• **Instructions for the task**
Return the lines of the listing below exactly as they appear, beginning at the one with "Colorado CA72049 1:72 Free French 1" and stopping after the one with "Acefast C1-01 Lightning"; do not include pictures.

• **Source material**
▽

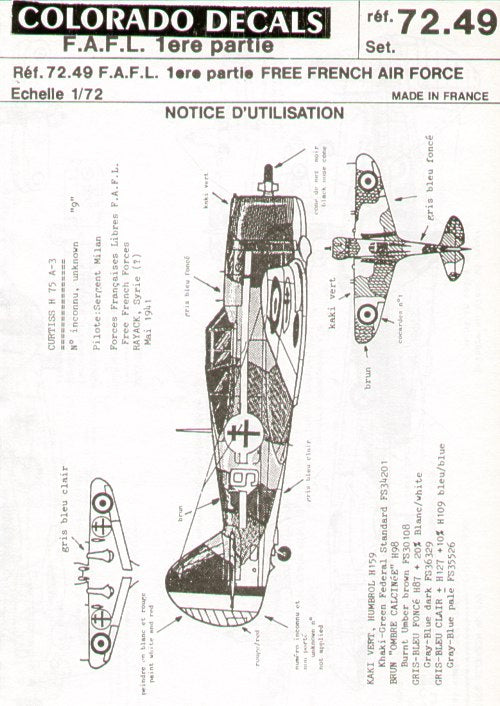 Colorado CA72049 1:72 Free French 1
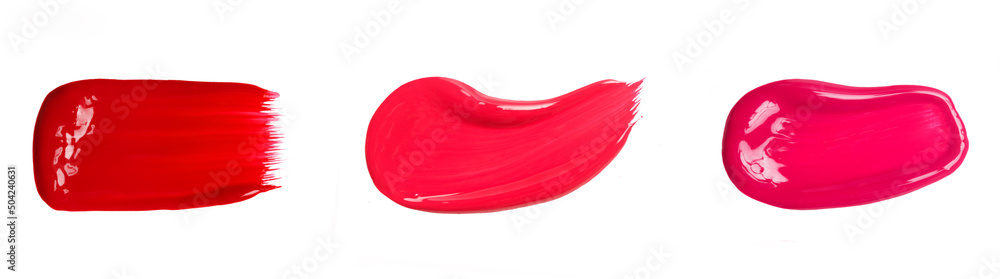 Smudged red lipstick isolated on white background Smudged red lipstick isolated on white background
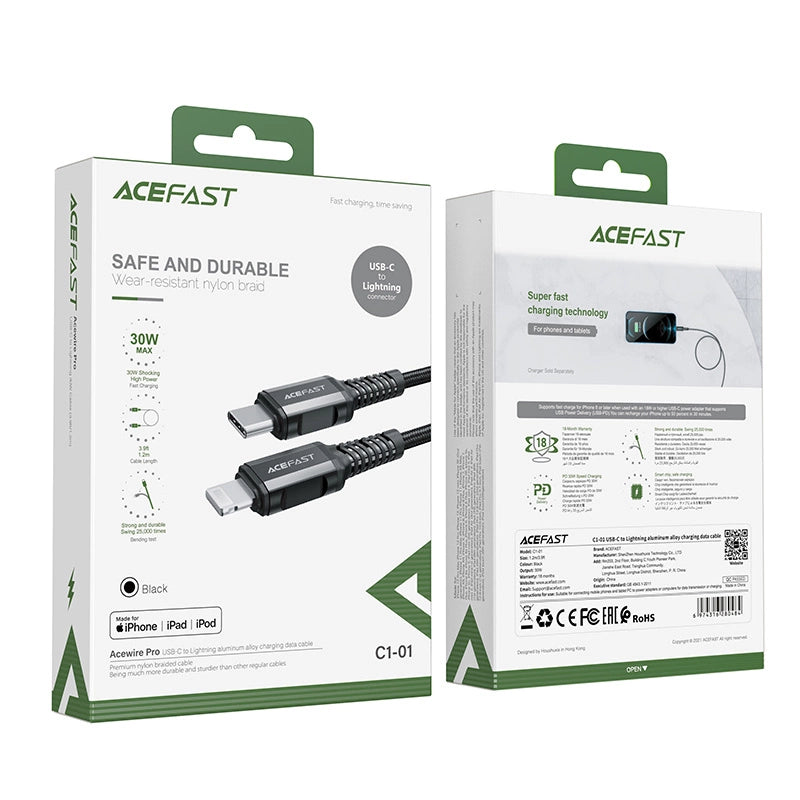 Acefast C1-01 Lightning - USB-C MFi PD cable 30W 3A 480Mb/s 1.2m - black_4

△
▽

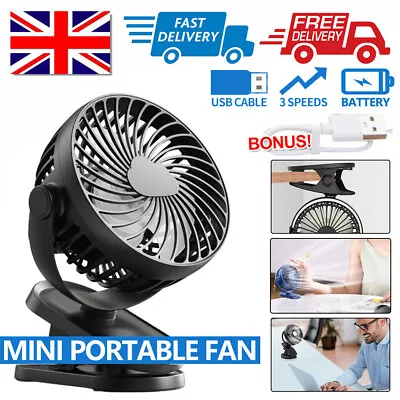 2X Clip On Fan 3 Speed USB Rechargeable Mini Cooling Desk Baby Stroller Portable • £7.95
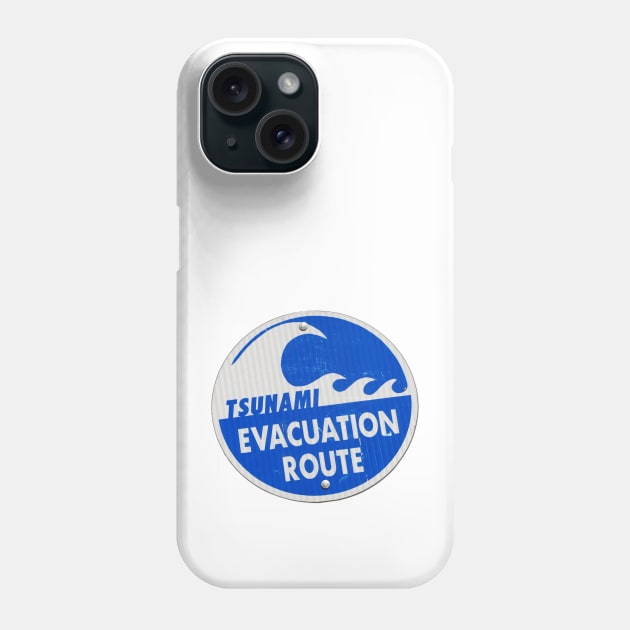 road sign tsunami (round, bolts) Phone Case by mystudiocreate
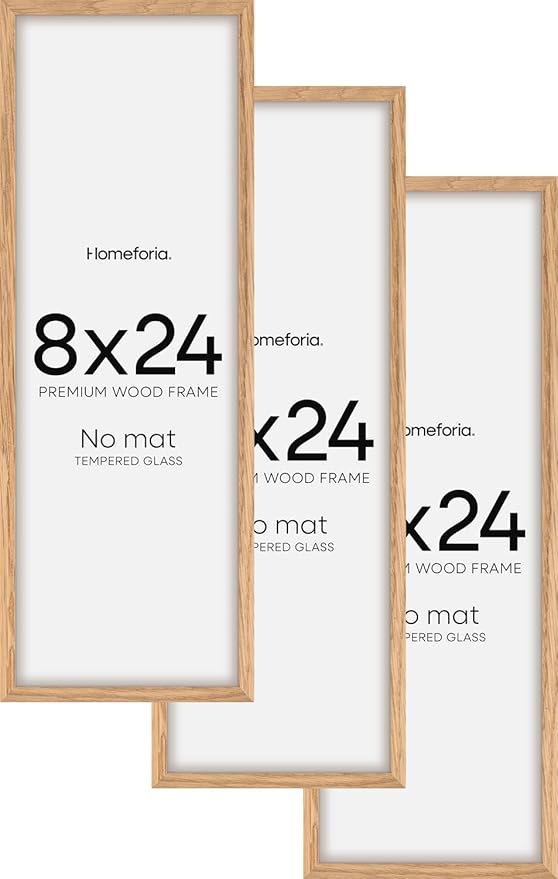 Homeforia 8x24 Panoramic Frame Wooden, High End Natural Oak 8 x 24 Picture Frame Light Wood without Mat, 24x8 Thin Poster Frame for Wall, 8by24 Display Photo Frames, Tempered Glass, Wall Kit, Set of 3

△
▽

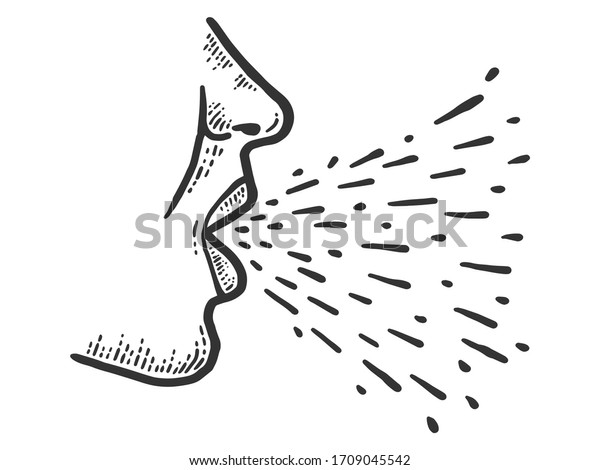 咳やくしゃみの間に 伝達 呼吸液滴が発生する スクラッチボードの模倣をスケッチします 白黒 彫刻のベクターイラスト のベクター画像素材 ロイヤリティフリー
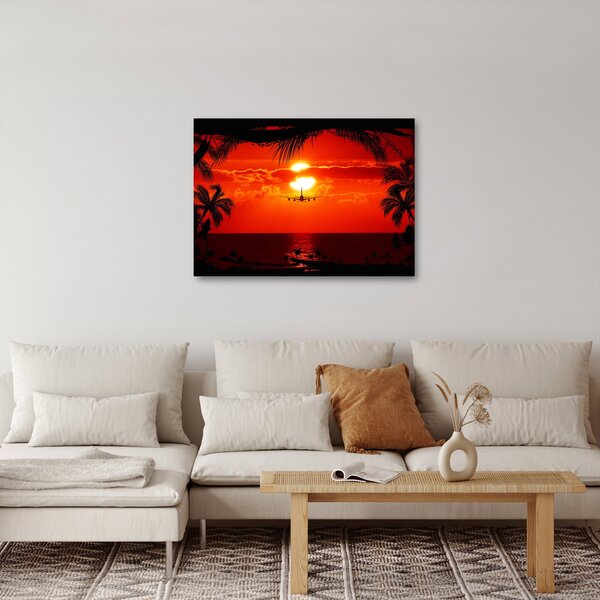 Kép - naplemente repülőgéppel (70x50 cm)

△

• **Task solution**
 Colorado CA72049 1:72 Free French 1
 Smudged red lipstick isolated on white background Smudged red lipstick isolated on white background
 Acefast C1-01 Lightning - USB-C MFi PD cable 30W 3A 480Mb/s 1.2m - black_4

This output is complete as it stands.